Oklahoma Higher Education Campus E-Clips sponsored by the Communicators Council

September 2010

Grant to Help NSU library Science Master's Program Target Rural Areas


A proposed master's degree program to train 20 school librarians to serve in high-poverty rural areas of northeast Oklahoma has resulted in an Institute of Museum and Library Services grant of $972,337 to Northeastern State University.

The proposal is now a project titled "Training 21st Century Library Media Specialists to Serve in Racially Diverse and Economically Disadvantaged Communities: Information and Management," but also bearing the shorter title "Project I'M READY." It will also provide annual conferences in northeast Oklahoma to discuss American Indian educational improvement, develop culturally sensitive curriculum resources for schools serving American Indian populations and make resources Web accessible. Maryetta Elementary School in Stilwell will assist the program.

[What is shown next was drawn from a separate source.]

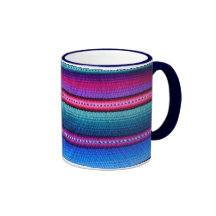Taza guatemalteca de la raya de la tela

NSU President Don Betz expressed gratitude for the expertise of faculty and staff to create the collaborative initiative.

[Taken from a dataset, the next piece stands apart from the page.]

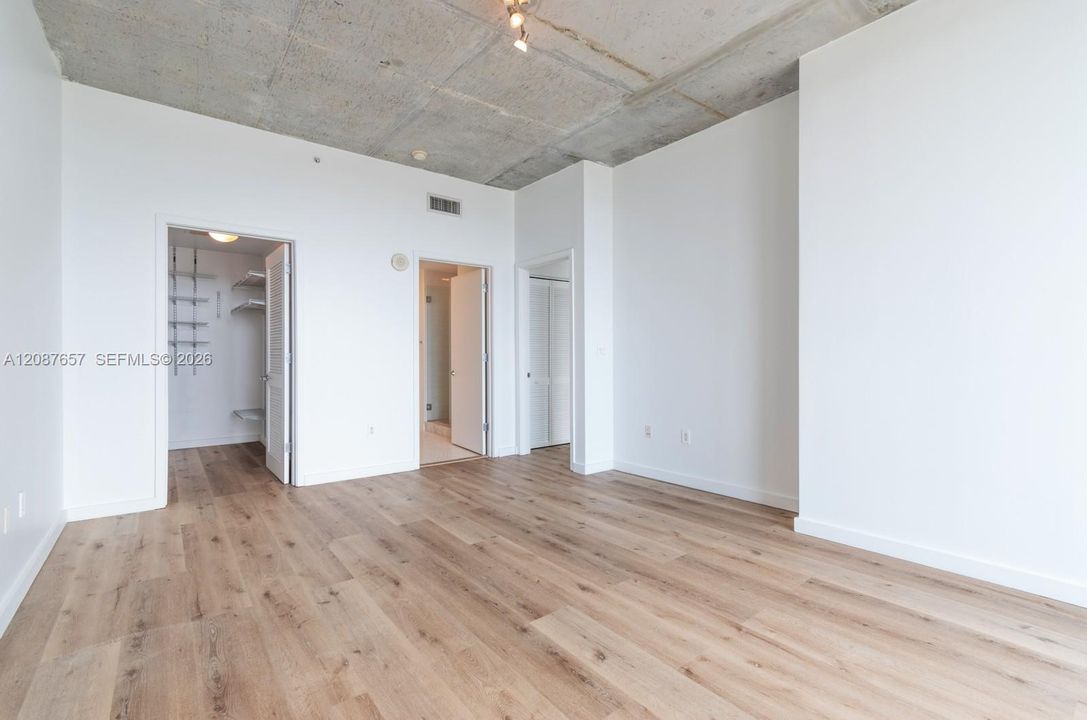 В аренду: $6,000 (3 спален, 2 ванн, 1242 Квадратных фут)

"I am proud of the professionalism, creativity and commitment to service that the NSU library programs effectively presented to earn this level of national support," he said. "They have confirmed in a most relevant manner NSU's dedication to being a partner of choice in the growth and development in this region through continuous improvement and connection to local communities."

Dr. Pamela Louderback co-wrote the grant proposal and said its focus was creating a librarian program that incorporated remote distance education sites at K-12 schools in northeast Oklahoma. She said training librarians to work at schools among American Indian and socially or economically disadvantaged populations addressed three areas of concern.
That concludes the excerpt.